Project description:

To achieve 5 9s of availability on 3 9s or lower software and infrastructure in a cost-effective manner, ONAP components need to work in a reliable, active-active manner across multiple sites (platform-maturity resiliency level 3). A fundamental aspect of this is  state management across geo-distributed sites in a reliable, scalable, highly available and efficient manner. This is an important and challenging problem because of three fundamental reasons:

  • Current solutions for state-management of  ONAP components like MariaDB clustering, that work very effectively within a site, may not scale across geo-distributed sites (e.g., Beijing, Amsterdam and Irvine) or allow partitioned operation (thereby compromising availability). This is mainly because WAN latencies are much higher across sites and frequent network partitions can occur.

  • ONAP components often have a diverse range of requirements in terms of state replication.
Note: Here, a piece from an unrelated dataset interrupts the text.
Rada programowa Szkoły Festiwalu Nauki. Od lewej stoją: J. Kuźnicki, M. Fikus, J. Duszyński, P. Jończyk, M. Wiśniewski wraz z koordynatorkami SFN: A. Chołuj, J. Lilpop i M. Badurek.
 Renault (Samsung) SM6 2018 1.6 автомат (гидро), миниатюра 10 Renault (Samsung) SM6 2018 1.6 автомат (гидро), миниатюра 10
While some components need to synchronously manage state across replicas, others may tolerate asynchronous replication. This diversity needs to be leveraged to provide better performance and higher availability across sites.

  • ONAP components often need to partition state across different replicas, perform consistent operations on them and ensure that on failover, the new owner has access to the latest state. The distributed protocols to achieve such consistent ownership is complex and replete with corners cases, especially in the face of network partitions. Currently, each component is building its own handcrafted solution which is  wasteful and worse, can be erroneous.

In this project, we identify common state management concerns across ONAP components and provide a multi-site state coordination/management service (MUSIC) with a rich suite of recipes that each ONAP component can simply configure and use for their state-management needs.

Functionality:

At its core, MUSIC provides a scalable sharded eventually-consistent data-store (Cassandra) wherein the access to the keys can be protected using a locking service (built on Zookeeper) that is tightly coupled with the data-store. ONAP components can use the MUSIC API directly to store and access their state across geo-distributed sites.  This API enables ONAP components to achieve fine-grained flexible consistency on their state.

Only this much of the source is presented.